Ultimately, the biggest victims of a power struggle may not be politicians, but those whose interests are directly affected by the agricultural, regional and rural policies which are in doubt.

But the issue also highlights a problem for Theresa May’s government as she negotiates a Brexit settlement for all of the UK. The devolved governments have a clear interest in the continuation and allocation of whatever is to replace EU funding, and yet these administrations remain on the outside looking in, being told that there are no special arrangements available for parts of the UK.

The argument that the Westminster government should be allowed to negotiate a nationwide exit settlement is reasonable, but it is no less reasonable to believe that the Scottish Government should have direct input into the fate of EU funds currently allocated north of the border. It should be possible to achieve this level of involvement without compromising the overall negotiating position.

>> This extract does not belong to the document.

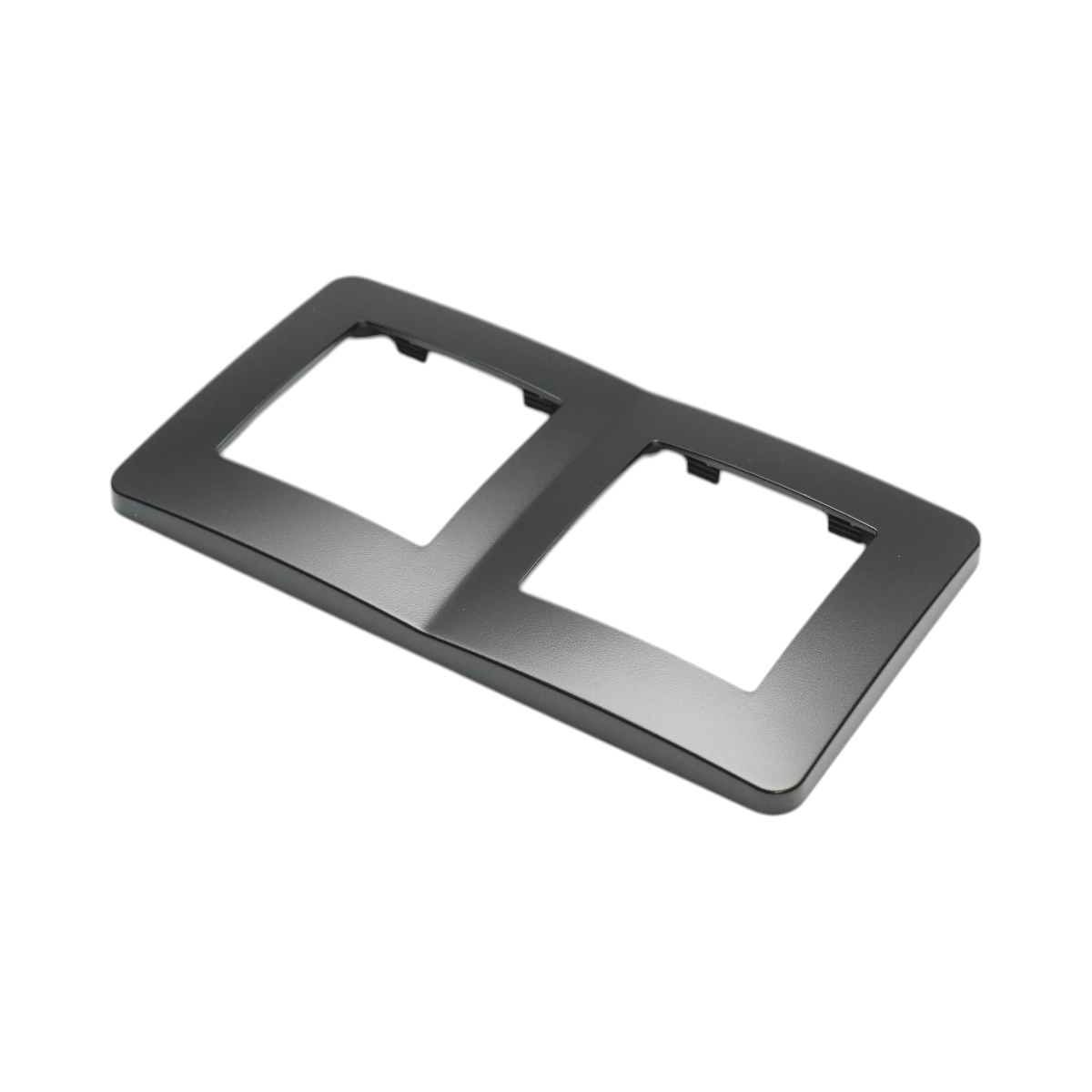 Rama dubla neagra PC priza si intrerupator 150x83mm - imagine 4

As Professor Bell says, the devolved parliaments have a pivotal role to play in working out post-Brexit arrangements. If Westminster chooses to ignore or simply overlook their input, and then retains control of policies which are specific to geographical areas, what we will have in effect is a reversal of devolution. This would be a strategic and political mistake, and would come at a time when any diminution of Scotland’s powers would have a direct bearing on the constitutional debate.

With a second independence referendum increasingly plausible, the post-Brexit carve-up requires to be handled with a sensitivity that Westminster may not yet have realised.